##### Information supplied

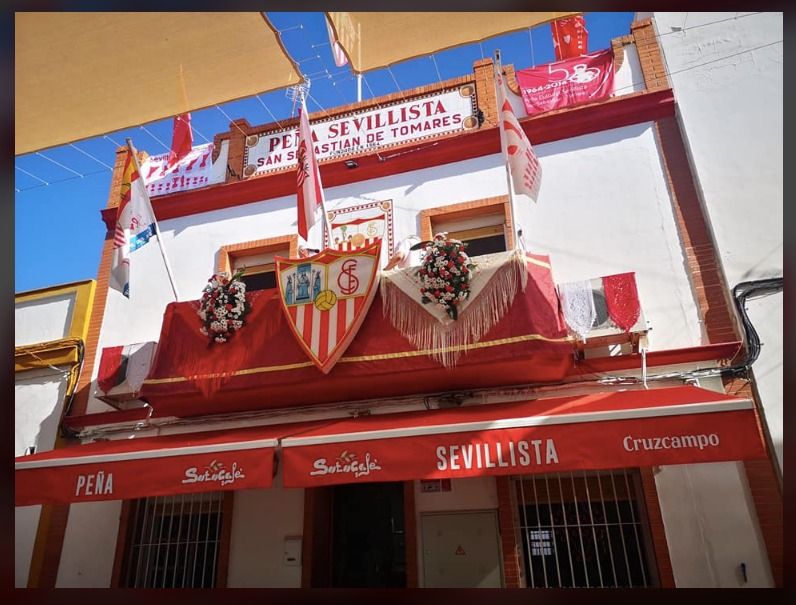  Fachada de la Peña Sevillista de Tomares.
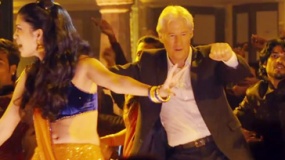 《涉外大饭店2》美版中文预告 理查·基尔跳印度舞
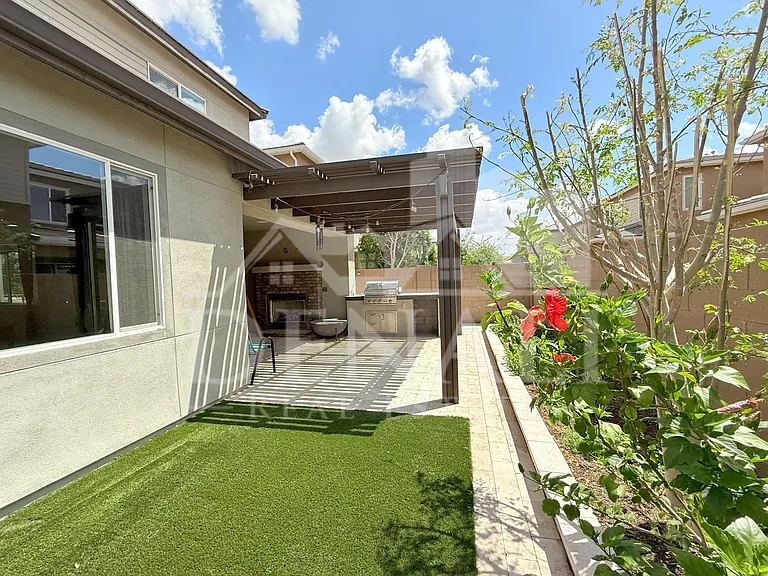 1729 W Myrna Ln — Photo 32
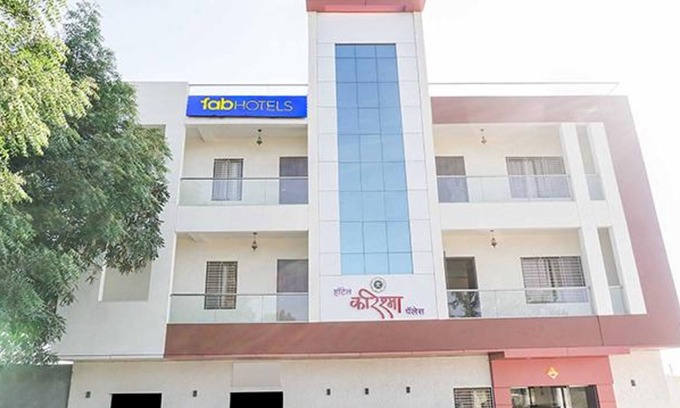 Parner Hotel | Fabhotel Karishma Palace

##########
##### Information supplied

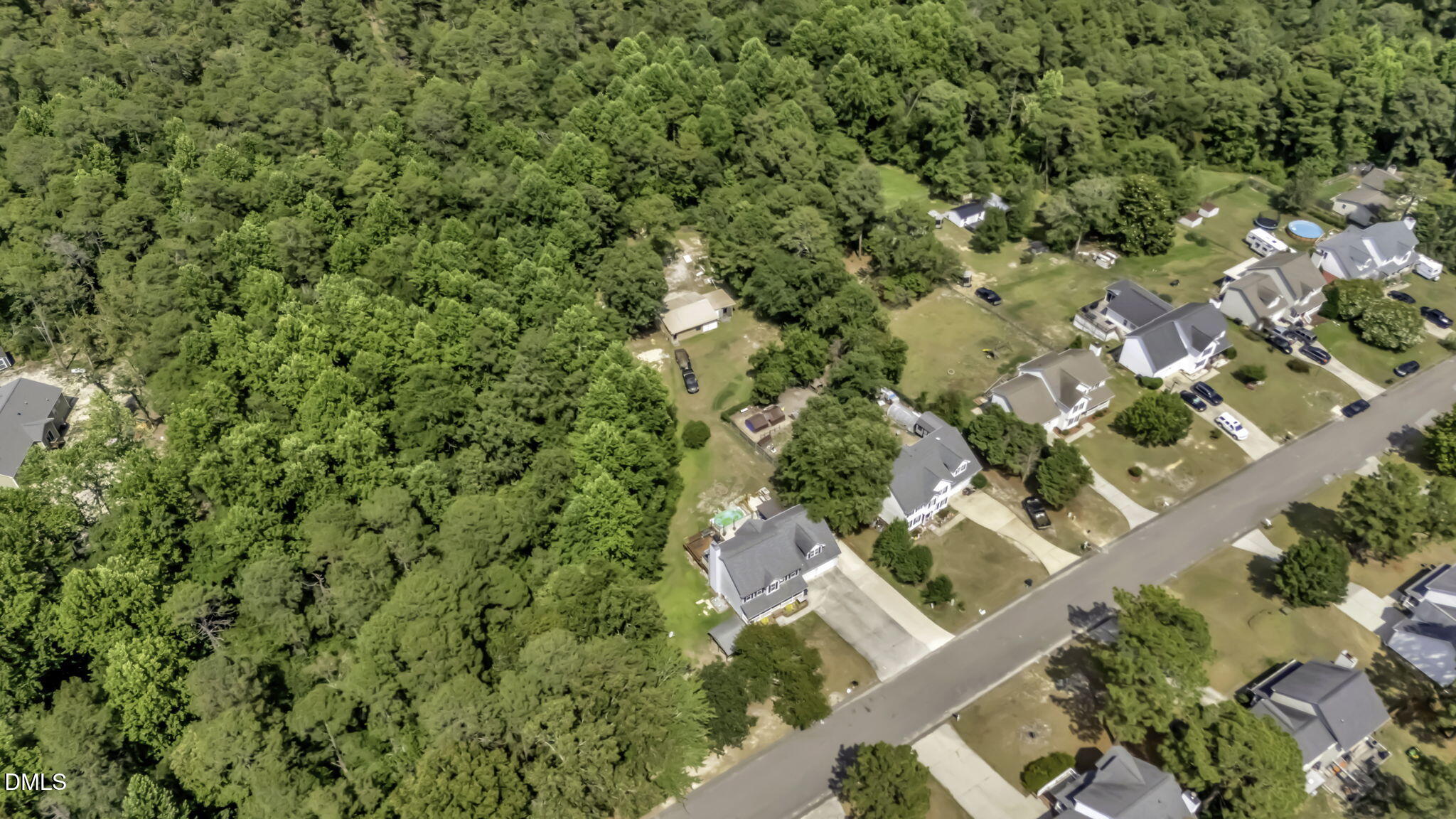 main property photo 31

##########

**Work required**
Could you repeat, exactly, only the lines above starting at the one that has "1729 W Myrna Ln — Photo 32" and stopping after the one that has "Parner Hotel | Fabhotel Karishma Palace", without the pictures?

**Result of the exercise**
 1729 W Myrna Ln — Photo 32
 Parner Hotel | Fabhotel Karishma Palace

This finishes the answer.